Setting the default to 0.0 means the data source is ignored altogether:
- New imports: 100% matches are possible
- Reimports: no bias towards the current data source where matches from other sources are not penalised
I considered hardcoding this configuration to 0.0 in the code for new imports only. However, this breaks configurations for those users that do have preferences configured - those who expect to see candidates from their favourite data source at the top of the list for new music imports.
The ideal solution might be a "preferred data source" setting which would take a list of data sources in order of preference like the others "preferred" options (https://beets.readthedocs.io/en/stable/reference/config.html#preferred).
Then, on import:
- If this setting is not set, no penalty is applied
- If it's set, apply no penalty for first source 1% penalty for second source, n+1% penalty for source n, etc.
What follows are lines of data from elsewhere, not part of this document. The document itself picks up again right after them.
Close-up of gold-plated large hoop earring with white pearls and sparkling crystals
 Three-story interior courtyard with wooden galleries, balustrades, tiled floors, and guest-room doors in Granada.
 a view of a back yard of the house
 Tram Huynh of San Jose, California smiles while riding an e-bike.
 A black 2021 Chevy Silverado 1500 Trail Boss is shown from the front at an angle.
All enabled sources not in the "preferred" list would get the same [numbers of items in the preferred list}+1% penalty
A boolean "prefer existing source" setting could be added specifically to add a fixed penalty on re-imports on every sources except the existing one. EDIT: Or it could just put the current data source on top of the list (no penalty), and work like on first imports for other sources.
That's not playing nice with existing configs either, but it would seem much clearer to me this way. I clearly prefer MusicBrainz as source whenever possible, but I never used those settings because they look confusing to me. There could be a "deprecated config options" alert on each beet invocation which would refer to the relevant doc for users with the current config options.